Task objective:
From the first record through the last, copy each one exactly.

Information given:

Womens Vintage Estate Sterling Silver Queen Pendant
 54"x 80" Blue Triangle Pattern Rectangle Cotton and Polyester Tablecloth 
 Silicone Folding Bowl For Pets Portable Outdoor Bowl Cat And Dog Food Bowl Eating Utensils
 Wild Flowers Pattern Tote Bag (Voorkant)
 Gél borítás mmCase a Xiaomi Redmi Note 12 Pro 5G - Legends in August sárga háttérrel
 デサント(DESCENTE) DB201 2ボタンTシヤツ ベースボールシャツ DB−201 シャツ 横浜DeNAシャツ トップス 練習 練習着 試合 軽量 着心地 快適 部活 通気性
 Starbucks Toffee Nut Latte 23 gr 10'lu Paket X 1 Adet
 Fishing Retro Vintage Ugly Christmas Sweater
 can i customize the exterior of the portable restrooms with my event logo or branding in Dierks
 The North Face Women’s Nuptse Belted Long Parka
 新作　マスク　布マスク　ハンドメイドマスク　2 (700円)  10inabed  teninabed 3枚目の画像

Solution to this exercise:
Womens Vintage Estate Sterling Silver Queen Pendant
 54"x 80" Blue Triangle Pattern Rectangle Cotton and Polyester Tablecloth 
 Silicone Folding Bowl For Pets Portable Outdoor Bowl Cat And Dog Food Bowl Eating Utensils
 Wild Flowers Pattern Tote Bag (Voorkant)
 Gél borítás mmCase a Xiaomi Redmi Note 12 Pro 5G - Legends in August sárga háttérrel
 デサント(DESCENTE) DB201 2ボタンTシヤツ ベースボールシャツ DB−201 シャツ 横浜DeNAシャツ トップス 練習 練習着 試合 軽量 着心地 快適 部活 通気性
 Starbucks Toffee Nut Latte 23 gr 10'lu Paket X 1 Adet
 Fishing Retro Vintage Ugly Christmas Sweater
 can i customize the exterior of the portable restrooms with my event logo or branding in Dierks
 The North Face Women’s Nuptse Belted Long Parka
 新作　マスク　布マスク　ハンドメイドマスク　2 (700円)  10inabed  teninabed 3枚目の画像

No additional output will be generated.